POR JOÃO PEREIRA COUTINHO
Dois criminosos mataram barbaramente um soldado inglês em Londres. Em nome do
Islã, disseram eles. Em nome dos irmãos muçulmanos que sofrem.
A sociedade inglesa ficou em choque. A extrema-direita prometeu vingança em
várias cidades do país. Na imprensa, a pergunta habitual: que relação existe
entre o Islã e o terrorismo?
Não vou fugir à pergunta. Mas, olhando e escutando os dois criminosos, é
preciso saber primeiro que relações existem entre o distúrbio mental e atos
desta natureza.
Um psiquiatra talvez seja mais útil do que um politólogo. Depois, e só
depois, podemos discutir as relações entre uma religião e crimes praticados em
seu nome. E a melhor forma de o fazer passa por escutar os próprios muçulmanos.
O que pensam eles sobre os temas que normalmente são notícia?
Felizmente, ainda há quem trabalhe neste mundo: o Pew Research Center,
durante quatro anos, realizou a maior enquete mundial a respeito. Entrevistou
presencialmente 38 mil muçulmanos, em 39 países e em mais de 80 línguas e
dialetos.
O estudo, recentemente publicado, intitula-se "The World's Muslims: Religion,
Politics and Society". Qualquer interessado na matéria é obrigado a olhar para
ele.
Eu olhei: durante dois dias, encontrei surpresas (muitas) e confirmações
(algumas).
Sim, a relação entre a crença em Deus e a existência de uma vida moral, que
no Ocidente foi praticamente enterrada com o iluminismo, permanece forte no
Islã. Do sudeste asiático (94%) ao Oriente Médio e ao norte de África (91%), os
muçulmanos entendem que uma vida moral está intimamente ligada a uma vida
religiosa.
De igual forma, a esmagadora maioria acredita que a sharia (a lei islâmica
que regula todos os aspectos do cotidiano) é a palavra revelada de Deus.
Só que as coisas começam a complicar-se quando olhamos para os detalhes. Deve
haver uma única interpretação da sharia ou várias? No Oriente Médio, apenas
metade defende interpretações uniformes.
No mesmo espírito, a maioria dos muçulmanos defende que a sharia deve ser a
lei fundamental dos respectivos países.
Mas, surpreendentemente, metade defende que ela só deve ser aplicada aos
próprios muçulmanos, não às restantes religiões.
E que aspectos da sharia são importantes para levar em consideração? A
maioria é favorável à aplicação da lei islâmica em assuntos familiares e
disputas patrimoniais.
São poucos os que defendem castigos corporais, embora existam exceções
relevantes: 88% no Paquistão, 81% no Afeganistão e 70% no Egito não se importam
com chicotadas ou amputação de membros.
E sobre o apedrejamento de mulheres adúlteras, metade diz que sim. Sobretudo
nos países atrás referidos (os mesmos que também apoiam maciçamente a pena de
morte para crimes de apostasia, ou seja, de renúncia da fé islâmica).

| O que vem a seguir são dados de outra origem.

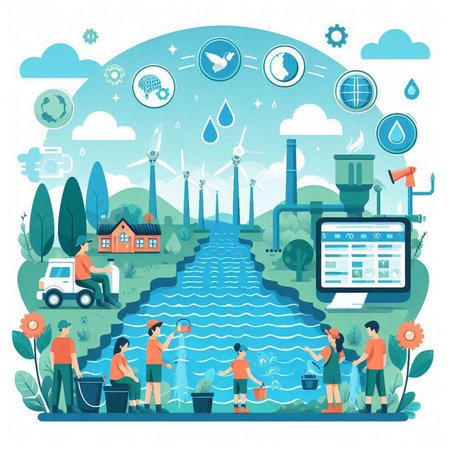 Save the environment concept. People are cleaning the city. Vector illustrationのイラスト素材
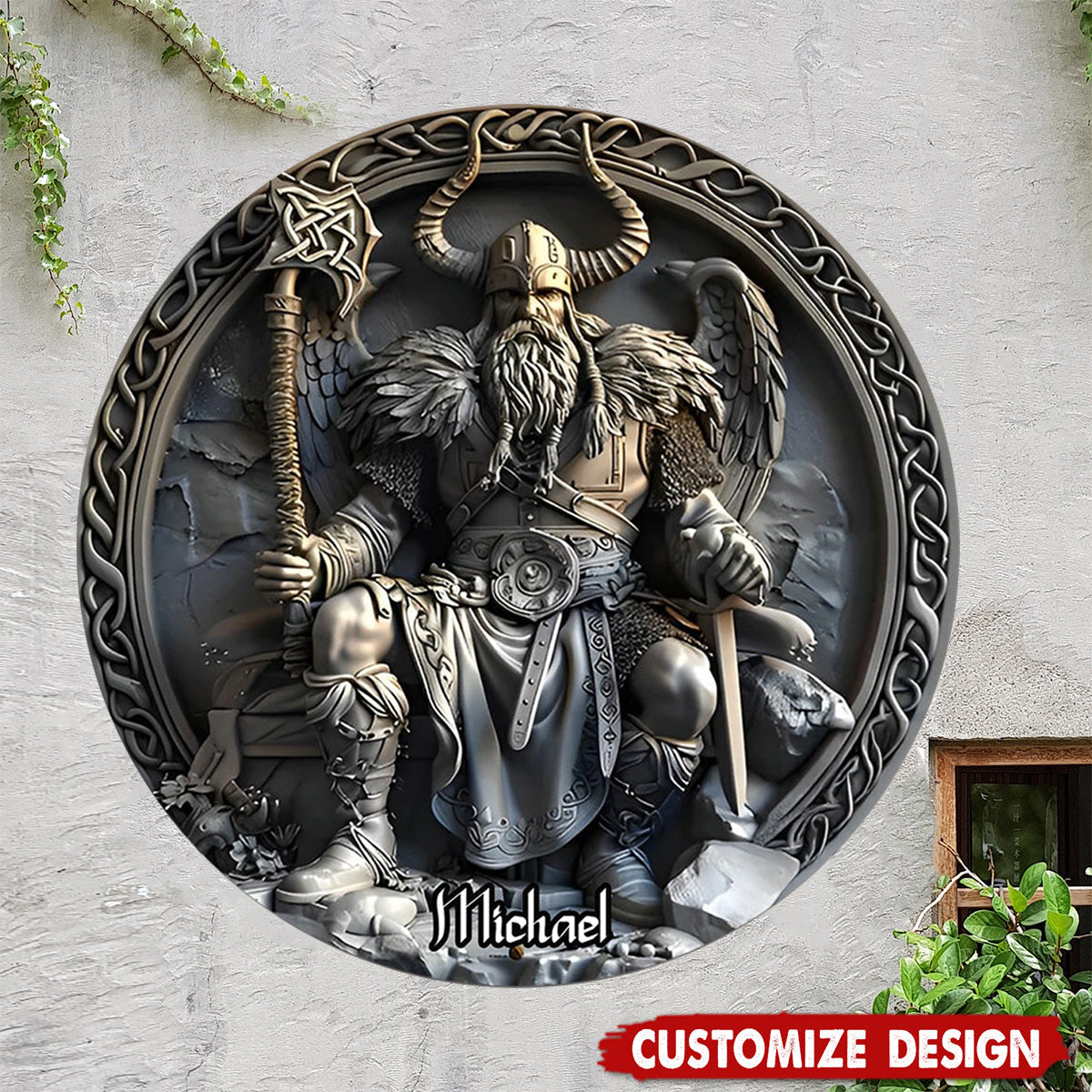 Viking - Personalized Viking Round Metal Sign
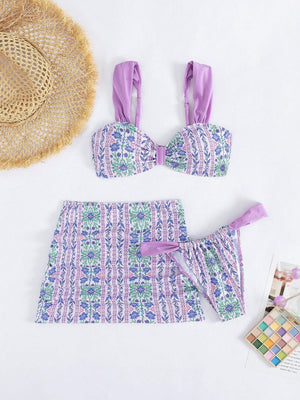 Conjunto De Bikini Multicolor Con Top Bralette Y Falda Corta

É inegável que a violência é intrínseca ao quadro legal de muitos países
muçulmanos. Mas quando as perguntas lidam com o extremismo terrorista, a maioria
rejeita-o enfaticamente. Só nos territórios palestinos (40% a favor) os números
remam contra a maré.
Aliás, não deixa de ser inquietante olhar para os números dos territórios
palestinos: sem surpresas, a maioria concorda que a sharia é a palavra revelada
de Deus (75%), que deve ser a base legal de um futuro país (89%) e que deve
estar sujeita a uma única interpretação (51%).
Mas os números ficam sobretudo pesados quando falamos de castigos corporais
(76% a favor), apedrejamento de mulheres adúlteras (84%, idem) e morte por
apostasia (66%, ibidem).
Aborto, sexo fora do casamento e homossexualidade são aberrações (como,
aliás, para a esmagadora maioria dos muçulmanos de outras regiões). E 87% dos
palestinos, seguindo a tendência mundial, defendem que as mulheres devem sempre
obedecer aos seus maridos.
Conclusões? Não, não existe uma relação imediata entre o Islã e o terrorismo,
exceto na cabeça dos terroristas (fato a que somos alheios).
Mas, por outro lado, este magistral estudo mostra como as vagas de
modernidade que permitiram as liberdades do Ocidente --da reforma religiosa ao
iluminismo secular-- ainda não chegaram ao Islã.
E, sem elas, será difícil resgatar essas sociedades do autoritarismo, da
pobreza, da intolerância --e, em certos casos, dos extremistas que matam em nome
da fé.
* Publicado no jornal Folha de São Paulo, em 28 de maio de 2013.